12 December 2015

Kirill Petrenko: the third Jew of the Berlin music?


The story, of course, is deeply unfair to the Berlin Philharmonic - one of the very few top premier orchestras on the planet. And it is deeply distasteful to this here blogger, who vastly prefers not to deal with anti-Semitism at all, the subject being too murky and the term being overused and underused at the same time. What with its modern replacement helpfully called anti-Zionism and all that... no, people who know me also know that I try to shun the subject.

Be it as it may, here are the basics:
Kirill Petrenko, 43, a Russian-born Jew, was appointed last week to replace Sir Simon Rattle, who is leaving to take over the London Symphony Orchestra, in September 2018. Petrenko is currently the director of the Bavarian State Opera in Munich.

Petrenko won the Berlin job despite only having worked with its musicians on three previous occasions. The orchestra made the announcement June 22 at a news conference at its concert hall in Berlin.
For those who don't study the life of conductors (the musical ones): they tend to move all over the globe in the course of their careers, and there is nothing surprising in the fact that a conductor born in Omsk (look it up on Google Maps) ends up in Berlin. So, geographically speaking, this is just another stage in the life of a musical genius.

Racially speaking, however, the appointment stirred some hitherto invisibly smoldering ashes.
Petrenko stopped talking to the media following commentaries by Northern German Radio, or NDR, and Welt Online which used anti-Semitic tropes, the Frankfurter Allgemeine Zeitung reported. The offending material has been removed.

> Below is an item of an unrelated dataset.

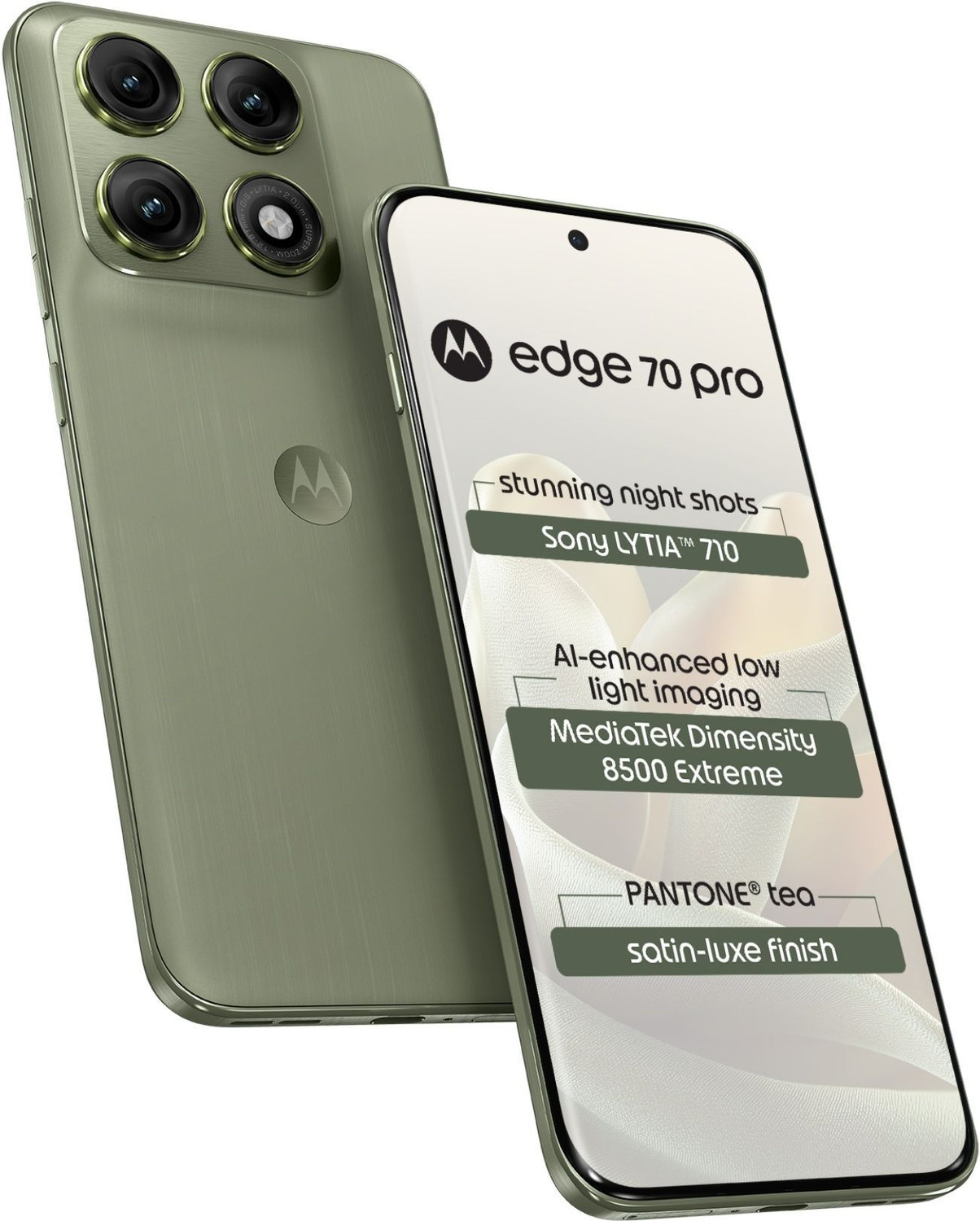 Image of MOTOROLA edge 70 pro (Satin-Luxe PANTONE Tea (Green), 256 GB)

NDR’s Sabine Lange, writing about Petrenko and a German-born contender for the position, described the latter — Christian Thielemann — as a world-renowned expert in the German sound and Petrenko as a mythical, dwarflike figure from Wagner’s operas, “the tiny gnome, the Jewish caricature.”

The Welt Online commentator said that while Petrenko and Thielemann were otherwise comparable, it was “a relief to many” that Petrenko enjoys good interpersonal relations, “as at least one of the female opera singers at this year’s Bayreuth [Wagner] Festival can attest.”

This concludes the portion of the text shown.